一般如果在Linux内核中读写一个文件,其IO流程都需要经过Kernel内的page cache层次,若想要使用自己开发的缓存系统,那么就可以在打开这个文件的时候,对该文件加以O_DIRECT的标志位,这样一来就可以让程序对该文件的IO直接在磁盘上进行,从而避开了Kernel的page cache,进而对IO流程里的块数据进行拦截,让其流入到自己开发的缓存系统内。
O_DIRECT参数适用要求:
O_DIRECT
Try to minimize cache effects of the I/O to and from this file. In general this will degrade performance, but it is useful in special situations, such as when applications do their own caching. File I/O is done directly to/from user space buffers. The I/O is synchronous, i.e., at the completion of a read(2) or write(2), data is guaranteed to have been transferred. Under Linux 2.4 transfer sizes, and the alignment of user buffer and file offset must all be multiples of the logical block size of the file system.
比较重要的地方:
将IO数据写到自己的cache的时候,cache所分配的内存的大小和首地址必须是块对齐的,毕竟是直接和磁盘打交道,数据都是一块一块的,地址映射什么的都没了。如果用普通的malloc的方法去分配就无法做到了,否则会出现数据无法正确写入到磁盘的囧状,
可以用valloc 或者memalign来分配空间对其的内存,其中valloc分配的是页对齐的内存。
引用:
OPEN(2) Linux Programmer's Manual OPEN(2)
NAME top
open, openat, creat - open and possibly create a file
O_DIRECT (since Linux 2.4.10)
Try to minimize cache effects of the I/O to and from this
file. In general this will degrade performance, but it is
useful in special situations, such as when applications do
their own caching. File I/O is done directly to/from user-
space buffers. The O_DIRECT flag on its own makes an effort
to transfer data synchronously, but does not give the
guarantees of the O_SYNC flag that data and necessary metadata
are transferred. To guarantee synchronous I/O, O_SYNC must be
used in addition to O_DIRECT. See NOTES below for further
discussion.A semantically similar (but deprecated) interface for block
devices is described in raw(8).
O_DIRECTORY
If pathname is not a directory, cause the open to fail. This
flag was added in kernel version 2.1.126, to avoid denial-of-
service problems if opendir(3) is called on a FIFO or tape
device.
O_DSYNC
Write operations on the file will complete according to the
requirements of synchronized I/O data integrity completion.

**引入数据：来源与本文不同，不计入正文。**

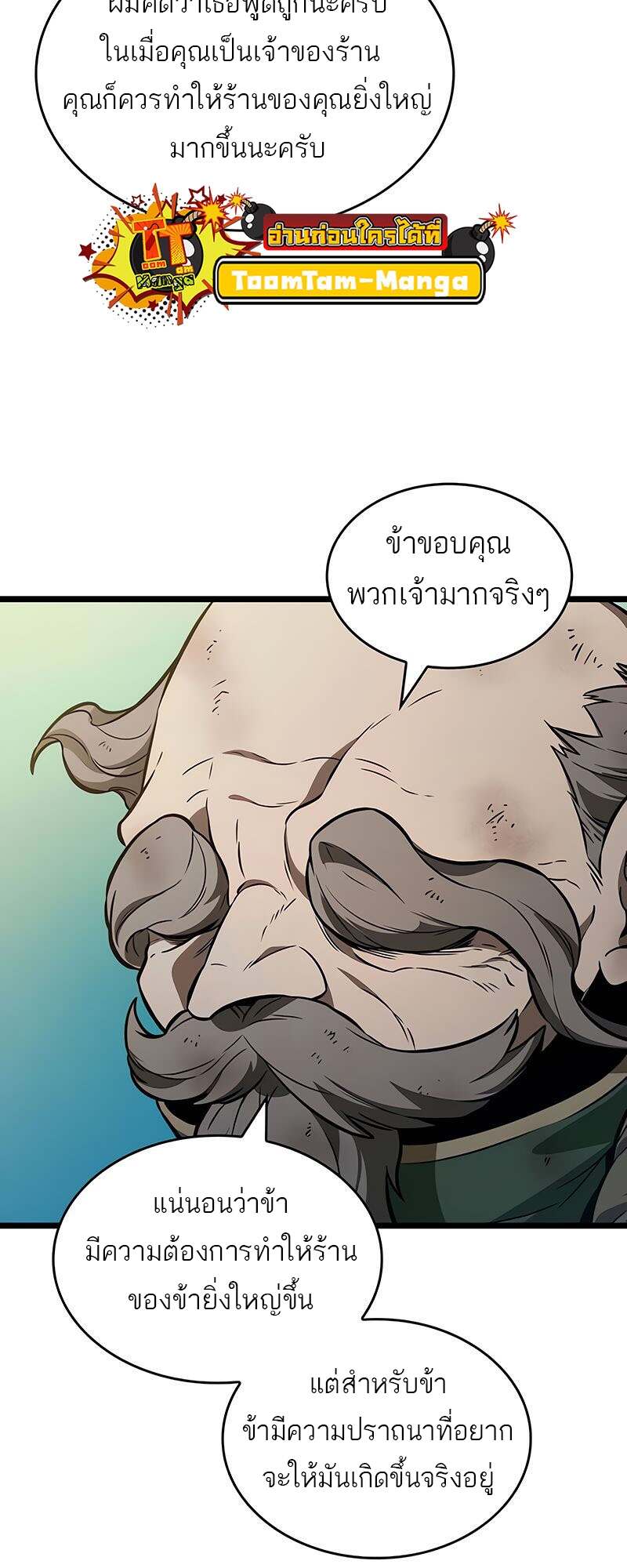 The World After the end โลกหลังการล่มสลาย ตอนที่ 165 หน้า 27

By the time write(2) (and similar) return, the output data has
been transferred to the underlying hardware, along with any
file metadata that would be required to retrieve that data
(i.e., as though each write(2) was followed by a call to
fdatasync(2)). See NOTES below.
WRITE(2) Linux Programmer's Manual WRITE(2)
NAME top
write - write to a file descriptor
EINVAL fd is attached to an object which is unsuitable for writing;
or the file was opened with the O_DIRECT flag, and either the
address specified in buf, the value specified in count, or the
file offset is not suitably aligned.